Cari Blog Ini

Minggu, 26 Februari 2012

MEMBANGUN JIWA NASIONALISME PEMUDA DENGAN MENELUSURI JEJAK SEJARAH MELALUI ARSIP


MEMBANGUN JIWA NASIONALISME PEMUDA DENGAN MENELUSURI JEJAK SEJARAH MELALUI ARSIP
 
Tanggal 28 Oktober 1928 adalah suatu tonggak lahirnya semangat nasionalisme yang nyata bagi pemuda indonesia. Dengan ihlas dan penuh harapan mereka menyatakan satu dalam wadah Indonesia yang raya. semangat yang berapi-api membuat dunia tersentak sekaligus kagum terhadap sebuah negeri kala itu yang belum memperoleh kebebasannya yaitu Indonesia, mereka ternyata telah sadar akan arti sebuah persatuan yang akan menghancurkan penindasan.Hal ini jugatidak terlepas dari pengaruh dunia luar yang sedang panas-panasnya meneriakkan anti penjajahan dan penghormatan atas sebuah kebebasan.
Semangat nasionalisme telah mengilhami pemuda pada masa itu, hingga mereka mampu menjadi pilar penting dan berada pada garda terdepan dalam merintis perjuangan kemerdekan bangsa Indonesia. Menarik untuk mempertanyakan bagaimana pula dengan semangat nasionalisme dan kepeloporan pemuda hari ini? Pertanyaan ini acap kali muncul di tengah keprihatinan berbagai kalangan yang mengkhawatirkan semakin lemahnya eksistensi dan posisi politik pemuda masa kini, terutama dalam mengemban misi kebangsaan.
Nasionalisme pemuda Nasionalisme merupakan suatu kehendak untuk bersatu sebagai bangsa. Kehendak ini tumbuh karena didorong kesadaran akan adanya riwayat atau pengalaman hidup yang sama dan dijalani bersama. Demikian pengertian yang diberikan oleh Ernest Renan yang sering disebut sebagai bapak nasionalisme.
Peristiwa kongres pemuda tanggal 28 Oktober 1928 yang kemudian kita peringati sebagai Sumpah Pemuda adalah manifestasi tumbuhnya kesadaran nasional (nasionalisme) dalam perjuangan menghadapi kolonialisme dan imperialisme Belanda waktu itu.
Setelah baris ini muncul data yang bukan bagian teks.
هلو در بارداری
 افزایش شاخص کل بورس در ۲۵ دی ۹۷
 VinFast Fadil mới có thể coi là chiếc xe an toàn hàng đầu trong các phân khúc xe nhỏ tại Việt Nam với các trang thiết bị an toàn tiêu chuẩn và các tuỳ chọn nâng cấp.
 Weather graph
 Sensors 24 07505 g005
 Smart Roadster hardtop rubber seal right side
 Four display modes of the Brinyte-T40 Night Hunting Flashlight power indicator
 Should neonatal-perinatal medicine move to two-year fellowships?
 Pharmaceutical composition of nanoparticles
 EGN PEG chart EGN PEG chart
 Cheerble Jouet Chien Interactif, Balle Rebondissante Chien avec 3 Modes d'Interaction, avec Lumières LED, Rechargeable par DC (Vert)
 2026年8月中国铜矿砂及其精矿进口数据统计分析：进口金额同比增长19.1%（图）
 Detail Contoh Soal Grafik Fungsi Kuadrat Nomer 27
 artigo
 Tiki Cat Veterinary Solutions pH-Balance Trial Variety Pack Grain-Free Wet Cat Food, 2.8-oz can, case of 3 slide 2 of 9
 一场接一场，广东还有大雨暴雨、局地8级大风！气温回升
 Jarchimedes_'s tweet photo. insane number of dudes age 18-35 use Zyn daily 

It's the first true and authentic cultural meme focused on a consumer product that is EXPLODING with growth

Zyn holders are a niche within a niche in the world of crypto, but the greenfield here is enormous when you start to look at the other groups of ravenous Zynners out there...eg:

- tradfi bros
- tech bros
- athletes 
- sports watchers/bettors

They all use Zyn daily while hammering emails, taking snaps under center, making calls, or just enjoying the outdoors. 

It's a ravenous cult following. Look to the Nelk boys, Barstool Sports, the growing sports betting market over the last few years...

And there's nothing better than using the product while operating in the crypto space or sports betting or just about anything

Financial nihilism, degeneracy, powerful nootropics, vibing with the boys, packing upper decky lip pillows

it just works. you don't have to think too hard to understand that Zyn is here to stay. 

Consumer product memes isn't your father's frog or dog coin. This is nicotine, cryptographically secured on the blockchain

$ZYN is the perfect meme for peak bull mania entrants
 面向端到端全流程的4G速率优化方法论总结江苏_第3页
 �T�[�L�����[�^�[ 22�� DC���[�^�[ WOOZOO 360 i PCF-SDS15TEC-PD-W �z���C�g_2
Langkah ini menjadi semacam titik balik dari pola perlawanan sebelumnya yang lebih bersifat lokal. Tidak bisa dipungkiri bahwa tumbuhnya kesadaran tersebut secara nasional tidak bisa dilepaskan dari kontribusi pemuda pada masa tersebut dengan idealisme dan paradigma barunya.
Demikianlah seterusnya, sejarah panjang bangsa ini mencatat konstribusi yang diberikan kaum muda di setiap persimpangan sejarah. Hingga wajar jika banyak pengamat sejarah yang menyatakan bahwa sejarah suatu bangsa sesungguhnya adalah sejarah kaum muda. Pemuda hadir pada titik persimpangan sejarah dan memberi arah bagi perjalanan bangsa ini. Sekadar menjadi catatan, perjuangan kaum muda di panggung sejarah juga terjadi di hampir seluruh belahan dunia.
Sejarah mereka adalah sejarah perlawanan dan pembelaan. Seperti ada benang merah bahwa gerakan pemuda biasanya lahir dari kondisi yang dihadapi masyarakat yang sudah tidak sesuai lagi dengan cita-cita negara dan harapan masyarakatnya. Mereka merespons berbagai situasi dan kondisi tersebut atas dasar kesadaran moral, tanggung jawab intelektual, pengabdian sosial, dan kepedulian politik. Tidak jarang pula ditemukan bahwa situasi global sering menjadi faktor yang memicu dan mematangkan kekuatan aksi mereka.
Semangat zaman Lantas muncul pertanyaan bagaimana dengan pemuda masa kini? Bagaimana kita menakar nasionalisme mereka saat ini? Bagaimana pula kita memaknai peran, posisi dan kontribusi politik generasi yang sekarang ini lebih dikenal sebagai generasi anak nongkrong itu dalam panggung sejarah perubahan?
Louis Gottschalk dalam bukunya yang berjudul Mengerti Sejarah, memperkenalkan istilah zeigest yang biasa diartikan sebagai semangat zaman. Setiap zaman, diidentifikasi memiliki karakteristiknya sendiri. Ada tiga unsur yang mempengaruhi karakteristik semangat zaman. Pertama, ia bisa didesain oleh manusia sebagai pelaku atau tokoh sejarah. Kedua, semangat zamanlah yang membentuk manusia.
Ketiga, semangat zaman lahir dari sturuktur politik dan kebijakan negara. Dalam sejarah perjalanan bangsa yang menempatkan sosok kaum muda sebagai instrumen perubahan, peran politik kaum muda setidaknya dipengaruhi oleh tiga faktor yaitu: mainstream isu yang berkembang, kepandaian menerjemahkan semangat zaman, dan ketepatan merumuskan strategi perjuangannya.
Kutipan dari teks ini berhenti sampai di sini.